> **Exercise prompt**: Could you print the stretch of lines below from the one with "Atlas 70000167 HO" through the one with "Retro Striped Creative", exactly as they stand and without any pictures?

> **Records to use**:
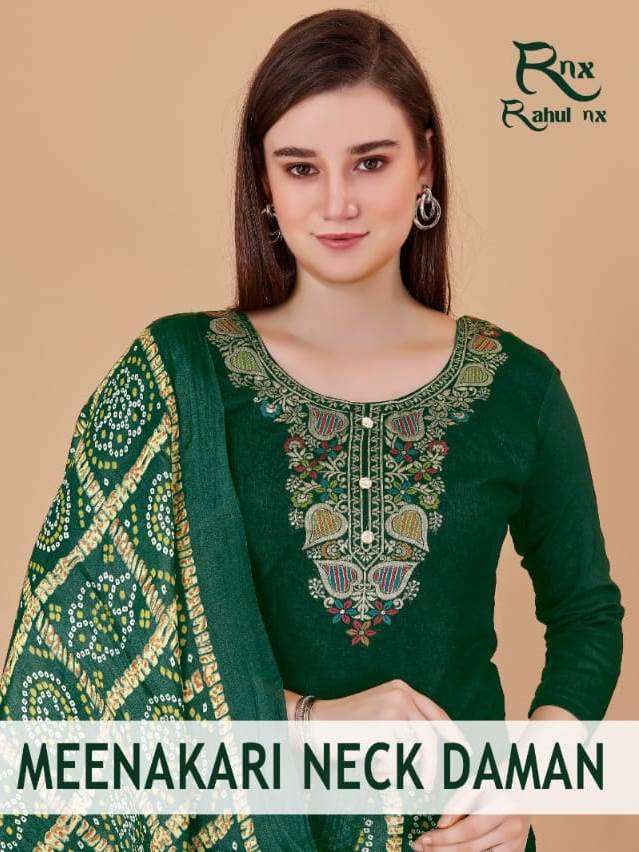 Meenakari Neck Daman By Rahul Nx 1001 To 1008 Series Beautiful Suits Colorful Stylish Fancy Casual Wear & Ethnic Wear Banarasi Jacquard Dresses At Wholesale Price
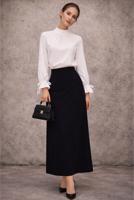 Tesettür giyim BEYAZ FIFIR DETAYLI BLUZ T 5826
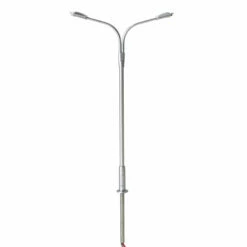 Atlas 70000167 HO Scale Silver Double Arm Streetlight With Warm White LED 3 Pack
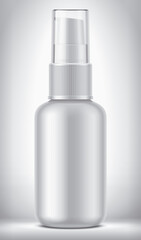 Spray bottle on background. Matt surface, transparent cap version. 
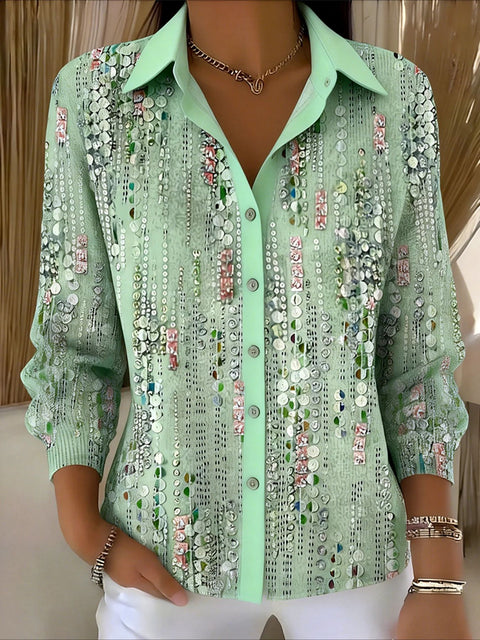 Retro Striped Creative Fashion Versatile Long Sleeve Women's Lapel Shirt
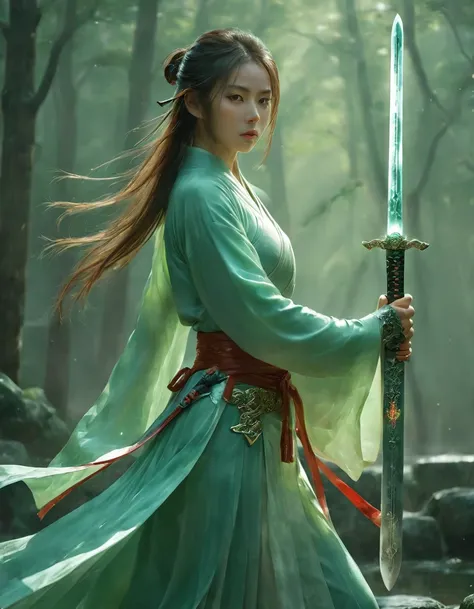 1 Beautiful Girl,  alone，Female Swordsman，Holding the hilt of the sword in the hand，The jade blade shines，Front view, whole body， ((Highest quality)), ((masterpiece)), ((Realistic))，Ultra-high resolution，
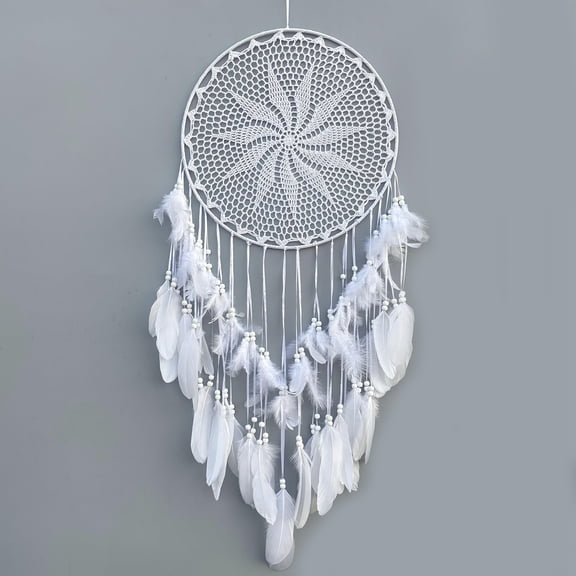 Dream Catcher Wind Chimes, Perfect Boho Wall Decor for Car, Kids' Bedroom, and Home, Handmade White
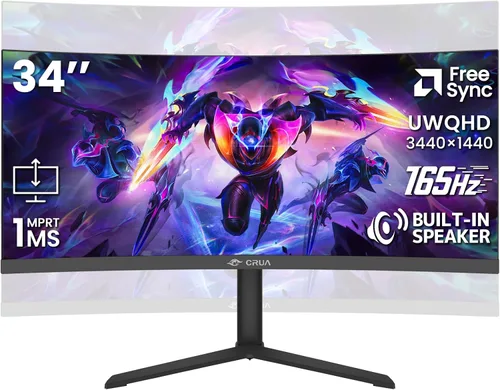 Vista 12 de CRUA Monitor curvo para juegos de 24 pulgadas, monitor de computadora de 165 Hz/200 Hz, FHD 1920 x 1080, 120% sRGB, AMD FreeSync, filtro de luz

> **Result for this exercise**:
 Atlas 70000167 HO Scale Silver Double Arm Streetlight With Warm White LED 3 Pack
 Spray bottle on background. Matt surface, transparent cap version. 
 Retro Striped Creative Fashion Versatile Long Sleeve Women's Lapel Shirt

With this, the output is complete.